From: Jei (jei@cc.hut.fi)
Date: Sat Mar 13 2004 - 03:58:40 MST
You know, due to having grown up admiring the America and especially the
americans' fearless standing for the Human Rights for the people around
the world, and now seeing americans cowed, silent, approving and
perpertrating the worst kind of organized torture of innocent people
around the world in their torture camps... - It really hurts me that
americans as a collective people are allowing this to happen and to
take place in their name and allow their government to do this kind of
atrocities. - I would have never believed you, americans of all people,
would allow *this* to be done in your name.
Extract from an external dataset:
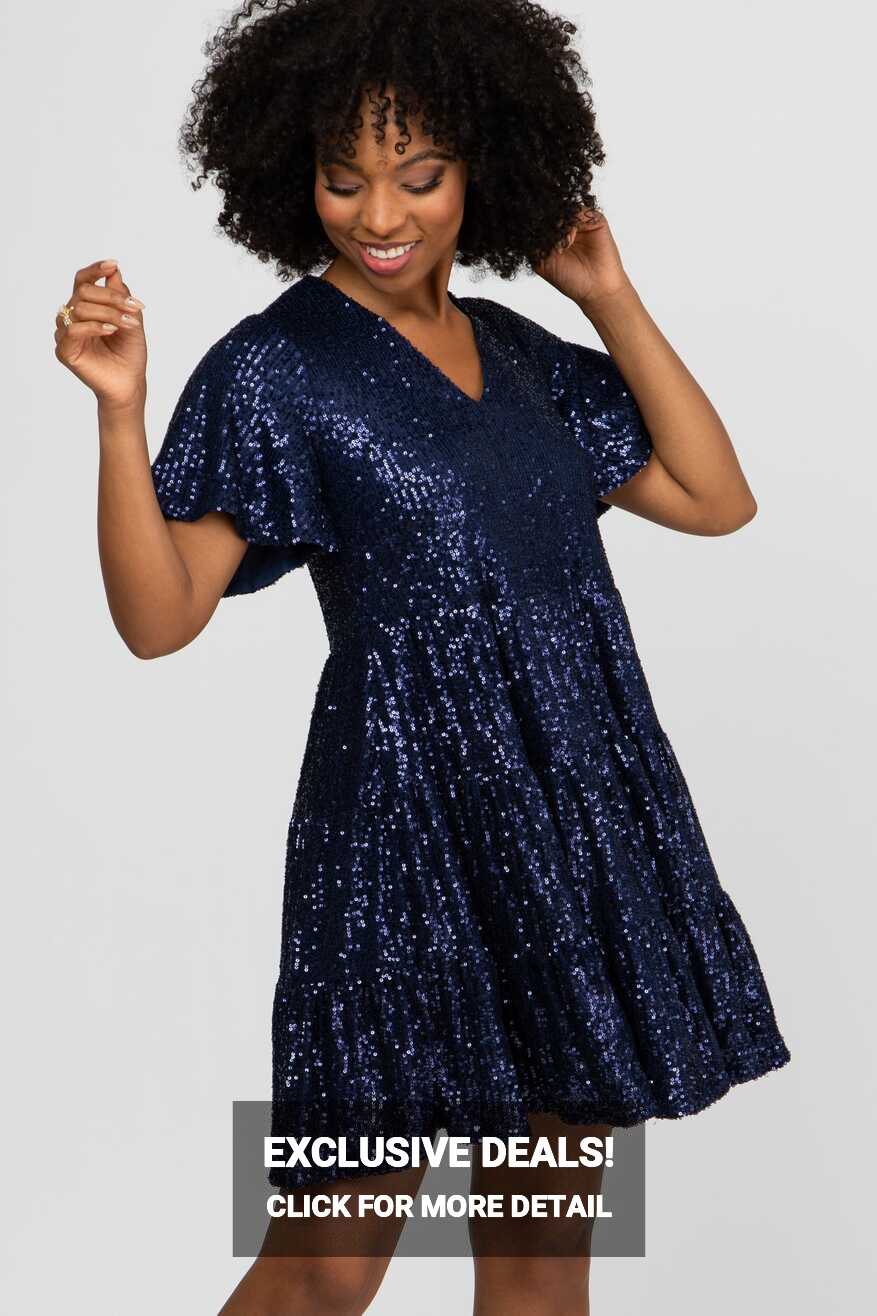 Navy Blue Sequin Tiered Short Sleeve Dress – PinkBlush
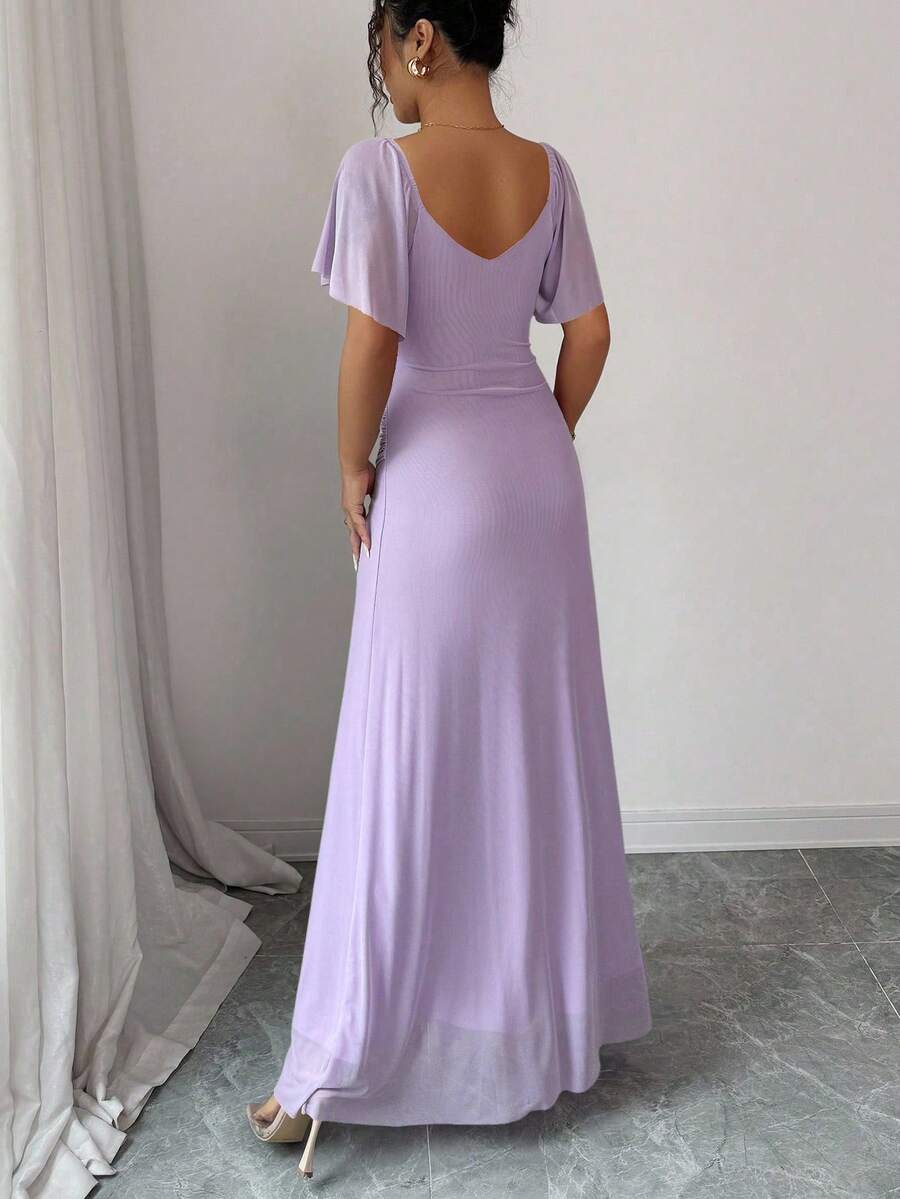 V-Neck Short Sleeve Ruched Wrap Maxi Wedding Guest Dress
It is maybe due to this same dissappointment that the people around
theworld are more and more coming to despise americans as neo-nazis.
- If it acts like a nazi, if it talks like a nazi - it is a nazi, so
you call it a nazi, because that is what the americans of today are.
I don't see any americans right now standing up for the rights of
innocents that their troops have slaughtered around the world. Is
it really too much to ask that you afford the same rights to the
rest of us, that you afford your selves?
Right now is when heroes are made. Right now is when you make the difference.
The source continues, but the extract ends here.